China National Offshore Oil Corporation (CNOOC), the new oil upstream partner owns their Ugandan petroleum rights through the British Virgin Islands, a notable tax haven.
The two–Total E&P Uganda is partnering with CNOOC Uganda Limited, an overseas branch of CNOOC Limited in the development of Uganda’s oil resources in the Lake Albert region.
CNOOC became a major player in the year 2012 when Tullow Oil farmed-down an agreement with oil two oil companies–Total E&P Uganda and CNOOC Uganda Limited in which they each acquired interest in the Lake Albert Exploration Areas 1, 1A-Lyec, 2 and 3-Kingfisher before Tullow completely gave way. Together, the partners will soon move into the Development phase of the oil resources.
Corporate tax evasion
A study by SEATINI-Uganda and Action Aid on DTA and corporate tax evasion and avoidance in Uganda indicates that it is no longer uncommon to find capital exporting countries pressurising Low Developing Countries (LDCs) in exchange for FDI, for a favourable tax dispensation which will give the investors reasonable income and the capital exporting countries the right to tax their profits.

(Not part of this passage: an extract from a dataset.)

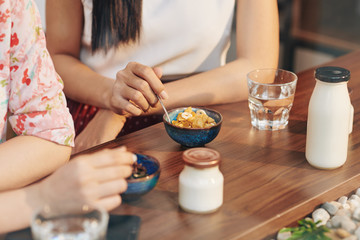 Canvas Print - Close-up image of young women having cornflakes and yogurt for breakfast when meeting in cafe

The same study further noted that developing countries such as Uganda tend to compete for this FDI from the capital exporting countries, making generous offers of tax incentives. This according to Ms Nakku means developing countries such as Uganda forfeit potential tax revenue. Yet studies including one done by the World Bank revealed that tax incentives are not necessarily what attracts FDI.
“A country does not need tax incentives to invest in another country as there are so many factors which can influence its decision to do so, for example, the location of the country, availability of cheap labour and raw materials, amongst others,” SEATINI-Uganda and Action Aid International report reads in part.